Recovery ‘work in progress’ despite NI growth of 2.4%
NORTHERN Ireland’s economic recovery is still “a work in progress” despite enjoying growth of around 0.3% in the first three months of the year, it has been claimed.
The Northern Ireland composite economic index said year-onyear growth was 2.4% — which was above the UK GDP rate of growth of 2%.
And the services sector — covering everything from estate agents to restaurants — was the main driver of the quarterly expansion in Northern Ireland, expanding at a rate of 0.5%.
The private sector showed quarterly growth of 0.4% and annual growth of 3.4%.
However, construction output stats showed that the sector contracted by 1.7% between the last quarter of 2016 and the first three months of this year.
But year on year, it contributed 0.5 percentage points to the growth of 2.4%.
And while production fell by 0.2% quarter-on-quarter, there was strong growth at 0.9% for manufacturing firms within the classification.
Ulster Bank chief economist Richard Ramsey said the growth should not be interpreted as heralding a complete recovery following the economic downturn which began in 2008.

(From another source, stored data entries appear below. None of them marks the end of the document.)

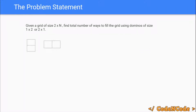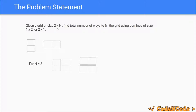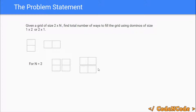The problem is: you are given a grid of size 2×N and you have to tell how many different ways you can fill this grid using dominoes of size 1×2 or 2×1. This is a 1×2 domino and this is a 2×1 domino. For example, for N equal to 2 — that is a 2×2 grid — there are two ways you can fill it. One way is to fill both columns with two vertical dominoes.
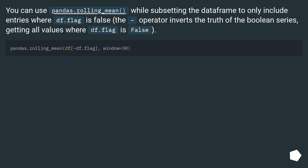You can use pandas.rolling_mean while subsetting the DataFrame to only include entries where df.flag is false. The tilde operator inverts the truth of the boolean series, getting all values where df.flag is false.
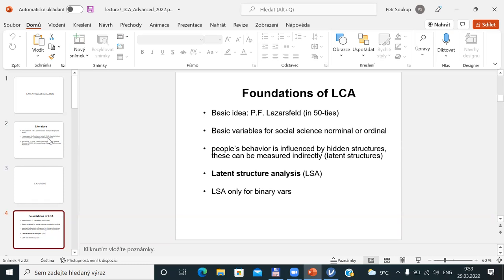That is why Lazarsfeld and his colleagues decided in the fifties and sixties that some analogy to factor analysis — originally for binary items, later extended to more than two categories — should be prepared. The first option was so-called latent structure analysis, where people's behavior is influenced by some hidden structures that can be measured indirectly by a set of items, originally binary. Latent structure analysis is what I would call basic latent class analysis for binary variables only.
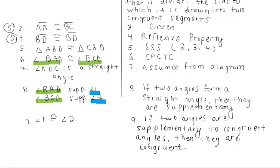Please make sure that you've included all of these steps in your proof. It does not have to be in the exact same order as mine, but I'd be looking for all of those steps.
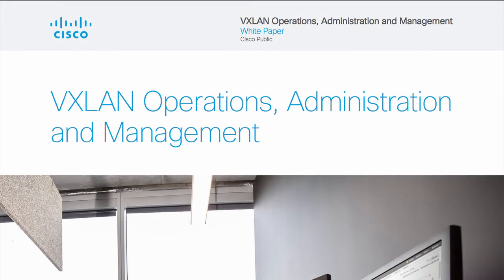For more information, please see the VXLAN operations, administration, and management white paper.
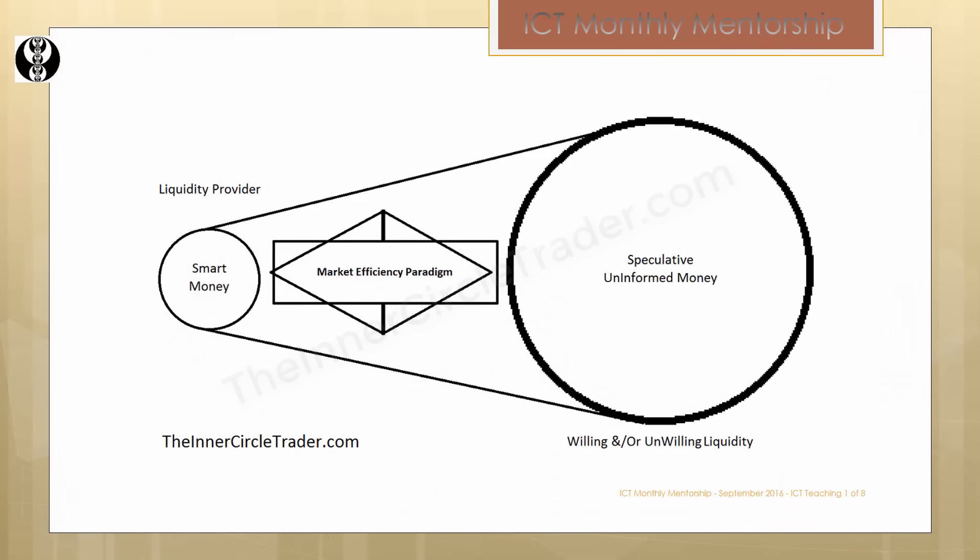Understanding these two characteristics together will give you a greater understanding of the market efficiency paradigm — how smart money interprets price and how they influence the general populace or the speculative uninformed money. You're going to be able to look at the marketplace with an expectation of knowing what tool to apply based on what the market's providing you right now. It only takes a second or two to determine what characteristic you're trading in, so you can build a context or framework on how you're going to approach the marketplace. Sometimes you can say, I'm not going to do anything because the market's consolidating.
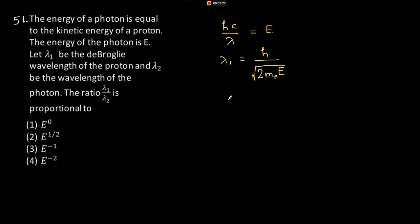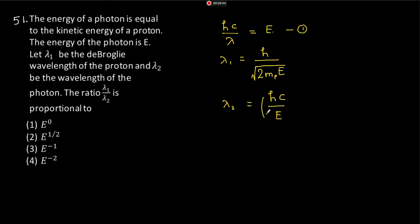Now this is de Broglie wavelength of the proton and wavelength lambda 2, lambda 2 is what? hc by E. So from here you can get. Now lambda 1 divided by lambda 2, it will come out to be proportional to E to the power half.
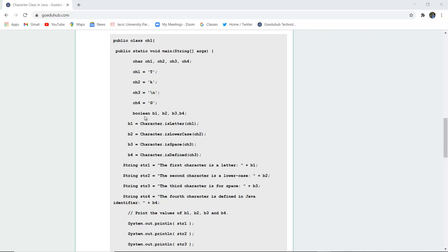Next, we have boolean variables b1, b2, b3, and b4. We are checking for b1 using Character.isLetter on ch1. Is it a letter? Yes, it is a letter.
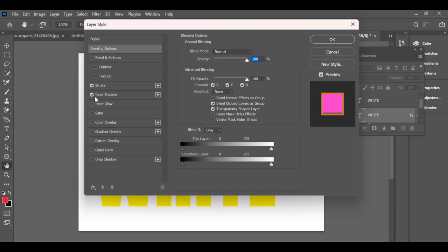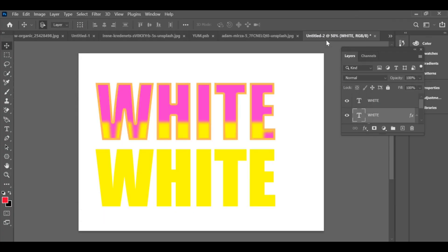Next, enable inner shadow and note down the settings that applied. Once done, you can clearly see the before and after difference of your stylish impact text effect.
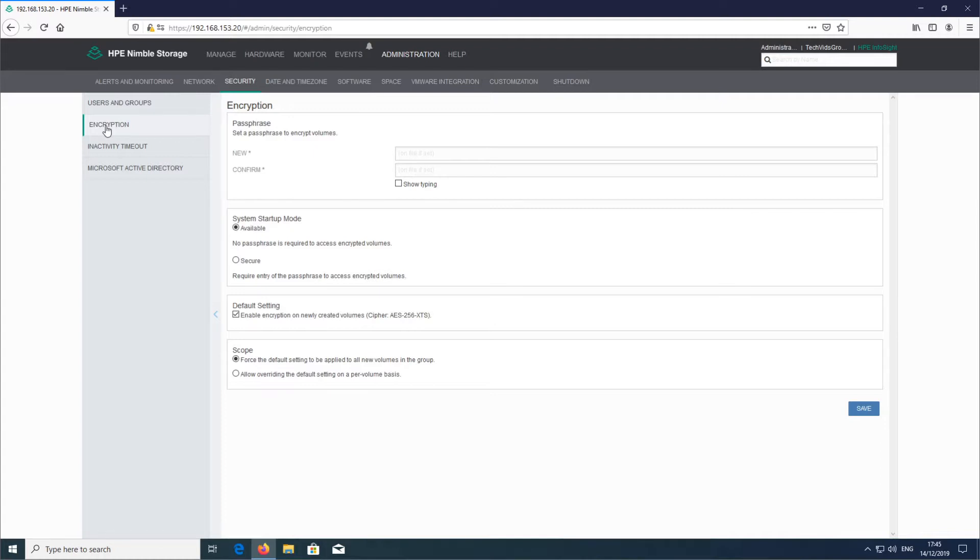It's pretty self-explanatory, but before I jump into it, just a couple of things that I want to mention. You need a passphrase in order to enable the encryption. It has to be between eight and sixty-four characters.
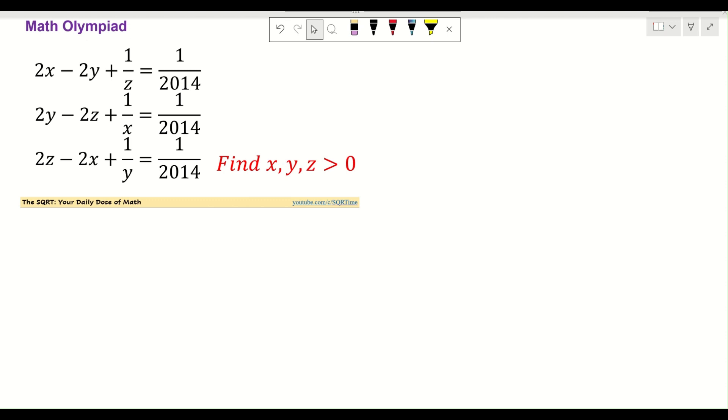Hello everyone, welcome to the SQRT channel. In this video we are going to take this problem that you are seeing here.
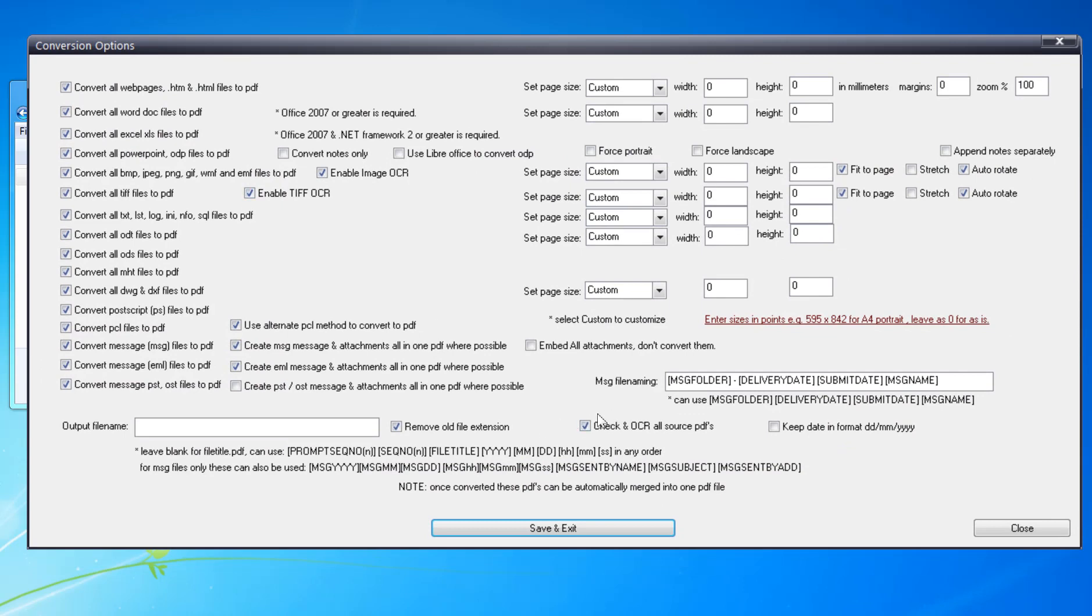You can check OCR all source PDF. What this does is check to see if there's any text already. If there's text already, then there's a good chance it's been OCR'd already. Otherwise, it OCRs it.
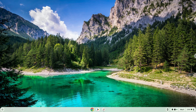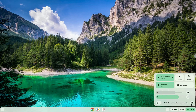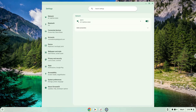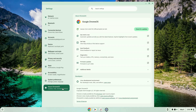Hello. Today we are looking at how to resize the Linux container on your Chromebook. Firstly, we will open our system settings. Go to the About Chrome OS section on the left panel. Under the Developer section, click on the Linux section.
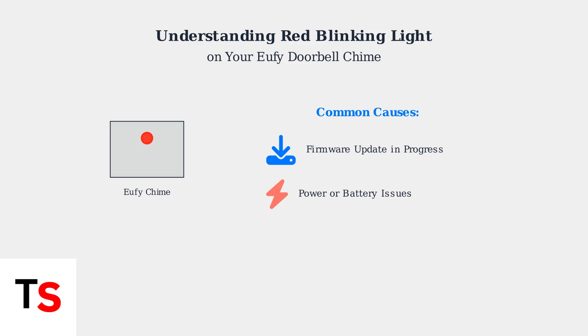Second, there could be power or battery issues affecting your doorbell system, especially if the battery is low or there's insufficient voltage from your transformer.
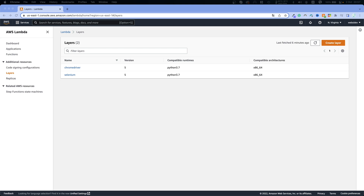Hello everyone, my name is Michael and welcome to another episode in the Selenium tutorial series. In this episode we will see how we can create a Selenium script specifically to deploy it to AWS Lambda. With that said, let's get into the video.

“Despite the ongoing expansion in the economy, it should be noted that Northern Ireland’s recovery remains a work in pro- gress. In just over four years, the local private sector has recovered two-thirds of the output it lost during the downturn.
“Output in quarter one 2017 was still almost 4% below the corresponding level a decade ago and is back at where it was prior to the 2006/07 ‘bubble’ (ie late, 2005).”
And he said a recovery in jobs in the private sector was not being matched by a recovery in output.
“There are 10% more private sector jobs in quarter one 2017 than there were a decade ago.
“Significantly, however, despite these additional workers, Northern Ireland’s private sector is still producing less than a decade ago.
“This underscores the severe productivity challenge the local economy faces.”
And while the private sector has surged ahead, the same could not be said of the public sector. He said: “The public sector has been retrenching in the face of public spending cuts, with a 10% reduction in staffing levels.
“Looking ahead, while the vast majority of job losses in the public sector are already behind us, the sector is not expected to be a source of employment growth in the years ahead. Fiscal austerity is set to continue for the foreseeable future.”
Robert Gibson, assurance director at business advisory firm Grant Thornton, said the construction figures presented a “mixed picture”.
While there had been a 1.7% quarterly fall in output, it was up 7.1% on the year before.
And there were parts of the sector with strong growth, including housing — which was up by nearly 8% on the previous quarter.
New work levels, however, were down 7.2%, “which, when combined with the sharp drop in infrastructure output, suggests that the current political inertia is impacting the industry”.
Danske Bank economist Conor Lambe said: “While it is obviously good news that the economy is growing, there are still a number of challenges on the horizon including the continuing squeeze on consumers, the impact of Brexit-related uncertainty on business investment and the lack of a local Executive.”
“Growth in the economic composite index is not strictly comparable with GDP in the UK, but serves as a working comparison.”